Method for thermally after-burning waste gases from acrolein and hydrocyanic acid production

Abstract

The invention relates to a method for thermally after-burning the waste gas flows developing during the production of acrolein in a gas phase process and for thermally after-burning the waste gas flows developing during the production of hydrocyanic acid in a gas phase process, characterized in that the waste gas flows from the production of acrolein and the waste gas flows from the production of hydrocyanic acid are supplied to a joint thermal after-burning process.

Claims

1. A process for thermal afterburning, comprising forming an exhaust gas stream in the production of acrolein in a gas-phase process, wherein the exhaust gas stream arising in the production of acrolein in a gas-phase process comprises an exhaust gas stream from a process of gas-phase oxidation of propylene to acrolein, forming an exhaust gas stream in the production of prussic acid in a gas-phase process, wherein the exhaust gas stream arising in the production of prussic acid in a gas-phase process comprises an exhaust gas stream from an Andrussow process or from a BMAprussic acid from methane and ammoniaprocess; feeding the exhaust gas stream from the production of acrolein and the exhaust gas stream from the production of prussic acid to a shared thermal afterburning; and burning the exhaust gas stream from the production of acrolein and the exhaust gas stream from the production of prussic acid in the shared thermal afterburning.

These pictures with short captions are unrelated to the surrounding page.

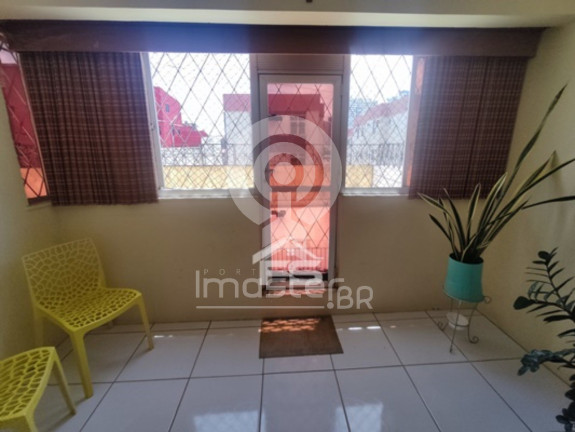 Imagem Apartamento com 3 Quartos à Venda, 120 m² em Fátima - Fortaleza Imagem Apartamento com 3 Quartos à Venda, 120 m² em Fátima - Fortaleza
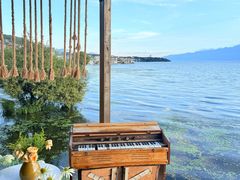 -六阅·福十 FORTEN 海景咖啡西餐厅(双廊古镇店)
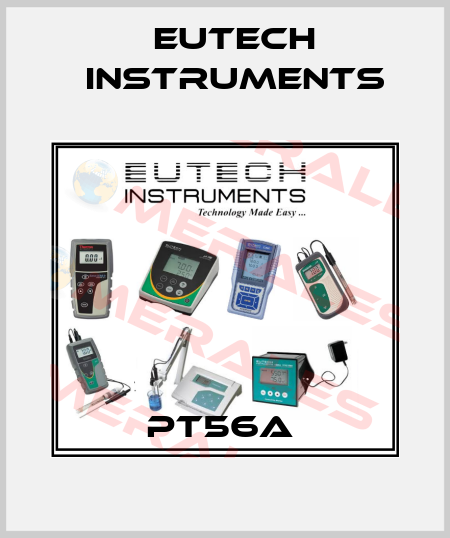 PT56A  Eutech Instruments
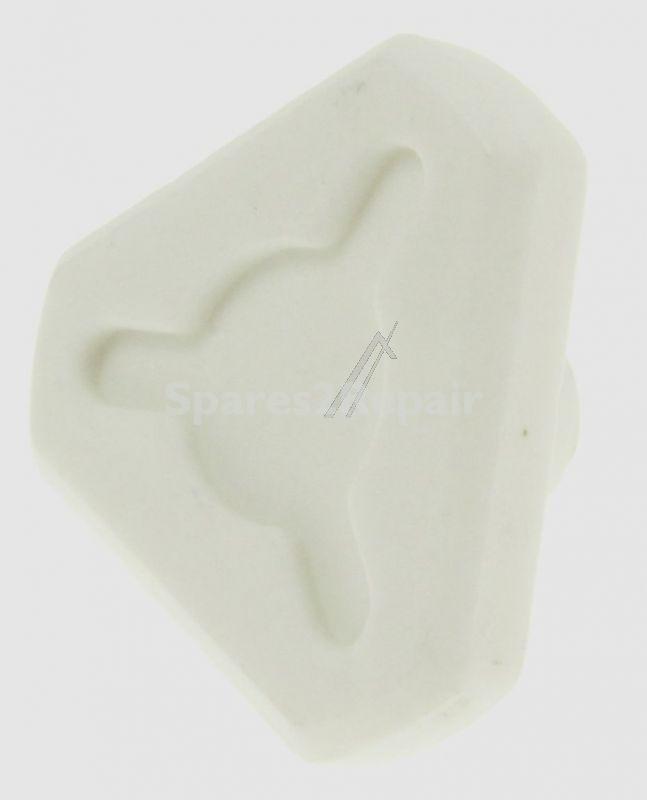 Hisense Gorenje Turntable Coupler - 259124 Motor Coupling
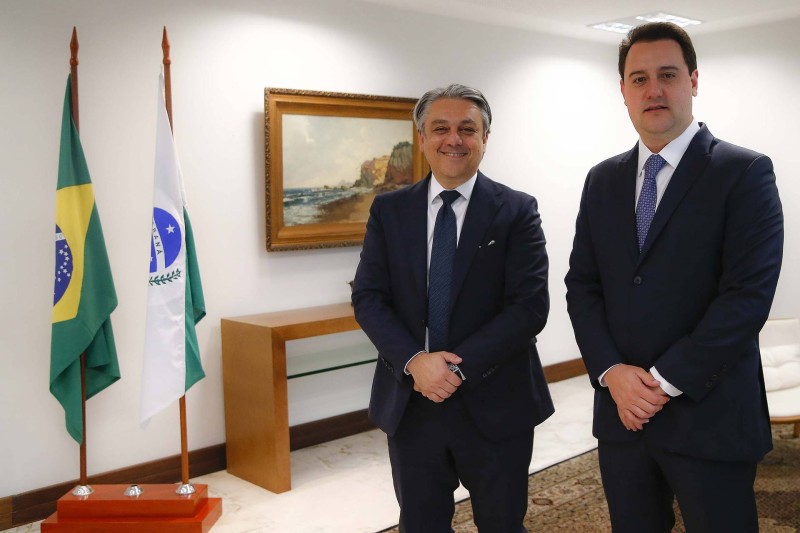 Integrante do Comitê ESG do Paraná, Grupo Renault reforça compromisso com a sustentabilidade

2. The process of claim 1, wherein the production of acrolein and the production of prussic acid take place in parallel with respect to time, and the exhaust gas stream from the production of acrolein and the exhaust gas stream from the production of prussic acid arise in parallel with respect to time.

3. The process of claim 1, wherein the production of acrolein and the production of prussic acid take place at one location, and the exhaust gas stream from the production of acrolein and the exhaust gas stream from the production of prussic acid arise at one location.

4. The process of claim 1, wherein the shared thermal afterburning comprises an integrated process for chemical synthesis of methionine or methionine hydroxy analogue (MHA).

Description

BRIEF DESCRIPTION OF THE FIGURES

(1) FIG. 1 illustrates a process for production of acrolein.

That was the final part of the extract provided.